Stored data entries:
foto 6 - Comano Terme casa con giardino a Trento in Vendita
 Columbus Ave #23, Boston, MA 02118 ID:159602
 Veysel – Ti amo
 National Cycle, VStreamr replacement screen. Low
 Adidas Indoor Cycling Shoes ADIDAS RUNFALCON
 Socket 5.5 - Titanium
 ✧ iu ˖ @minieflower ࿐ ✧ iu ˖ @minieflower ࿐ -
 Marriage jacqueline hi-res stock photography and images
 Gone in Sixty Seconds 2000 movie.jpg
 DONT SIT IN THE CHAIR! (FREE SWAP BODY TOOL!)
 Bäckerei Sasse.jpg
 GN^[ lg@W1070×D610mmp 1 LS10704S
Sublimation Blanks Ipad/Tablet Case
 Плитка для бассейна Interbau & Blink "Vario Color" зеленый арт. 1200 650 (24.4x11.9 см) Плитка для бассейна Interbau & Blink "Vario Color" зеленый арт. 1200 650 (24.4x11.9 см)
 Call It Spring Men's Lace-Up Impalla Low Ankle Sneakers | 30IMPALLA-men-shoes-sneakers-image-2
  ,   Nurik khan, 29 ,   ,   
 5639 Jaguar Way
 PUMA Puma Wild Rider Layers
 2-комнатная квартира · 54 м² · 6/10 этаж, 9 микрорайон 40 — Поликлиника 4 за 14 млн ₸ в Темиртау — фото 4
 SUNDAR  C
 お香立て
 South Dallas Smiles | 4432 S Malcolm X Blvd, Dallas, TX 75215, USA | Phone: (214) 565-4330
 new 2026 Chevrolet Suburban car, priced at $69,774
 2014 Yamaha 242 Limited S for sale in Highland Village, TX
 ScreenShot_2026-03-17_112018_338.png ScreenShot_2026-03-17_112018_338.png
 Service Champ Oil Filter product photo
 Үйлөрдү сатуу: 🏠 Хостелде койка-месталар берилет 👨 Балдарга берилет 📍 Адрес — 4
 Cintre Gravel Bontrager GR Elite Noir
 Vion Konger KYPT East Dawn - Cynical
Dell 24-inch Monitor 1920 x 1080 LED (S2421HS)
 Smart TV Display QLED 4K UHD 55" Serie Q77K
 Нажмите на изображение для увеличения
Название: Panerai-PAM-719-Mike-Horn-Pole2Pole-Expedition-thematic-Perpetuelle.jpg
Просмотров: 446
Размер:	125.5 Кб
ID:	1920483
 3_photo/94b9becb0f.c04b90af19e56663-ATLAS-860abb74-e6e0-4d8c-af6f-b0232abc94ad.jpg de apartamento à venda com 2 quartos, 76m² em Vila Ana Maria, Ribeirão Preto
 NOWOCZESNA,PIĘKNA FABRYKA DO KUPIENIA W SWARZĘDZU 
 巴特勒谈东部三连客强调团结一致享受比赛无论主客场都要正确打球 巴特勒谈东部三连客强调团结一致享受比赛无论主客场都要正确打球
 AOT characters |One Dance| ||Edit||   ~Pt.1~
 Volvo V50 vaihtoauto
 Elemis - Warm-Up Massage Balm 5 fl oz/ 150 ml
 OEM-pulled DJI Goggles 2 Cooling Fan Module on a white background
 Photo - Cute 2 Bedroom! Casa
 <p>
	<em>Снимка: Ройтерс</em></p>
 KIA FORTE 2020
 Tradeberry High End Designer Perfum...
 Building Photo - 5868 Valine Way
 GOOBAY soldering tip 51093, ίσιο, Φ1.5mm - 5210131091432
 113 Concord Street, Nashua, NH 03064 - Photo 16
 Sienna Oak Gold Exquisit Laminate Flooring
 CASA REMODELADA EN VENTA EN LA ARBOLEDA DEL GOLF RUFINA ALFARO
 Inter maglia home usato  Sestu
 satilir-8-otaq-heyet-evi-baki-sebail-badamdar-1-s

→ **ASSIGNED TASK**: Once the line containing "Socket 5.5 - Titanium" has been written out, please stop; every line before it, back to the first line of the records above, should be given exactly.

→ **RESULT**:
foto 6 - Comano Terme casa con giardino a Trento in Vendita
 Columbus Ave #23, Boston, MA 02118 ID:159602
 Veysel – Ti amo
 National Cycle, VStreamr replacement screen. Low
 Adidas Indoor Cycling Shoes ADIDAS RUNFALCON
 Socket 5.5 - Titanium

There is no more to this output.